La ricchezza accumulata dal Fondo nasce infatti dall’utilizzo trasparente e fruttuoso delle risorse petrolifere del Mare del Nord nei decenni passati, nonché dai contributi pagati per le pensioni dai lavoratori norvegesi. La Norvegia è l’unico Stato al mondo che con il petrolio si è arricchito in maniera democratica ed equa all’incirca per tutti. Nel 2016, il Fondo, che è pubblico e sotto il controllo del Parlamento, aveva già deciso di uscire dal carbone per motivi ambientali. Oggi è consapevole che in prospettiva, con gli investimenti nell’esplorazione di petrolio e gas che non si fermano, il prezzo del petrolio rimarrà basso o potrebbe addirittura scendere ulteriormente. Una situazione che mette a rischio la solidità e la redditività delle imprese del settore, che tardano a prendere la strada di una vera transizione energetica e della decarbonizzazione. Motivo per cui i norvegesi anticipano tutti e progettano di smettere di investire in Shell, Exxon, Eni e compagnia cantante. Una scelta storica, che dovrebbe far riflettere, se non inspirare a fare altrettanto, tutti gli altri investitori pubblici o privati che siano. Un segnale dirompente al mercato, per chi lo vuole intendere, purtroppo al momento ancora pochi.
In Europa, di contro, i soliti noti delle lobby petrolifere e dei loro replicanti nelle istituzioni si affaticano a veicolare ancora più risorse pubbliche nell’economia del petrolio e del gas. Recentemente è stato rivelato come la Commissione europea abbia pesantemente pressato la Banca Europea per gli Investimenti (Bei) per rompere gli indugi e finanziare il cosiddetto Corridoio Sud del Gas (noto anche con gli acronimi TAP e TANAP), che porterebbe il gas dall’Azerbaigian al Salento in Italia. Al proposito Re:Common è in grado di produrre la lettera inviata dalla Commissione al seguente link.
Come ormai sappiamo bene, l’opera è controversa e criticata dalle comunità locali e da tante organizzazioni a livello europeo. La Bei vorrebbe concedere prestiti per 3 miliardi di euro, una follia poiché nessuna singola opera ha mai ricevuto così tanti prestiti pubblici dalla Banca dell’UE. Poco importa che il mega gasdotto vincolerà per decenni l’Europa al consumo di gas. E a chi protesta anche con ricorsi contro presunte violazioni del consorzio costruttore in Italia, la Banca risponde di rivolgersi alle imprese e non al suo meccanismo interno per i ricorsi, ed anzi aggiunge che è meglio che chi denuncia accetti che la propria identità sia resa pubblica (qui la lettera di risposta della Bei). Un invito sgradevole, vista la militarizzazione in corso nel Salento per permettere ai lavori di andare avanti, anche se a fatica.
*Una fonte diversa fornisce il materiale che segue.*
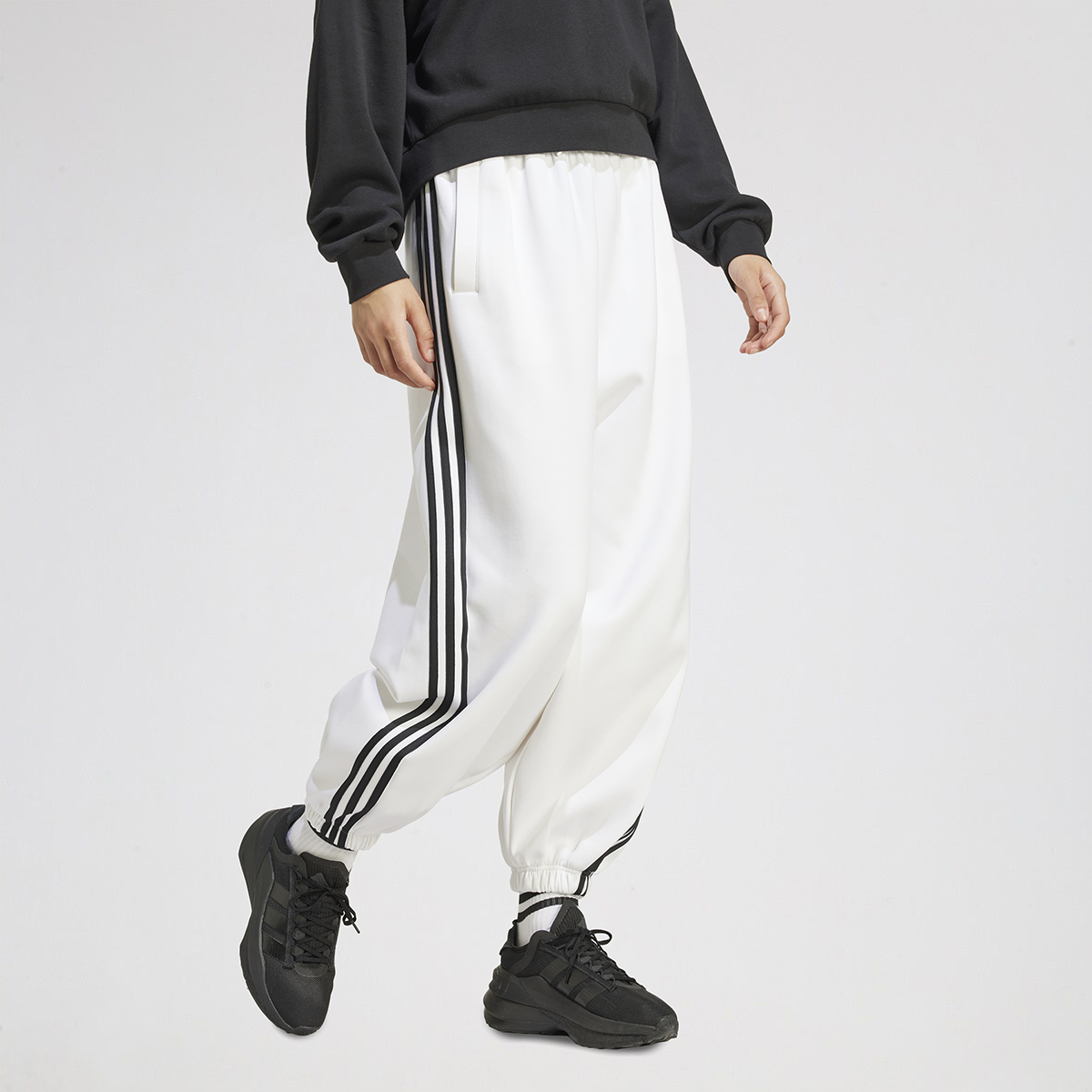 Pantalón adidas Fi 3 Tiras Mujer,  image number null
Il fondo norvegese è un gigante non solo per la sua taglia, bensì soprattutto per la lungimiranza e l’esempio di democrazia e promozione dell’interesse pubblico che dà al mondo intero. Da noi la Banca dell’Unione Europea sembra preferire gli interessi dei soliti noti e il sostegno a un business sempre più legato al passato che al futuro. La Banca dell’Unione Europea e molti dei suoi governi azionisti, tra cui quello italiano in prima fila, appaiono dei nani determinati a buttare al vento 3 miliardi di soldi pubblici pur di non ammettere che è venuta l’ora di cambiare e dire no a chi vuole continuare a distruggere il pianeta solo per i suoi interessi di bottega.
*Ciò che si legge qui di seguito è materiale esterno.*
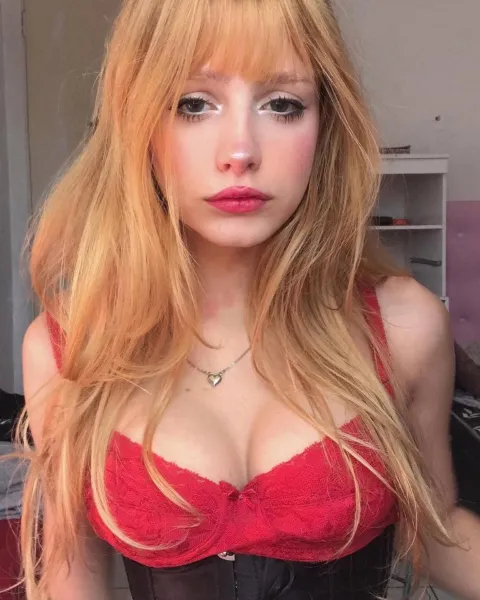 blonde-brunette-babe-14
Ironia della sorte, la Bei dovrebbe decidere sul finanziamento della mega opera proprio il prossimo 13 dicembre, il giorno dopo il summit sulla finanza per il clima convocato a Parigi dal Presidente francese Emmanuel Macron. In quel contesto, le stesse banche pubbliche e governi europei potrebbero prendere alcuni impegni a parole per ridurre il sostegno ai combustibili fossili per far fronte all’esigenza climatici. Parole da nani (politici), appunto, se poi i fatti dicono altro.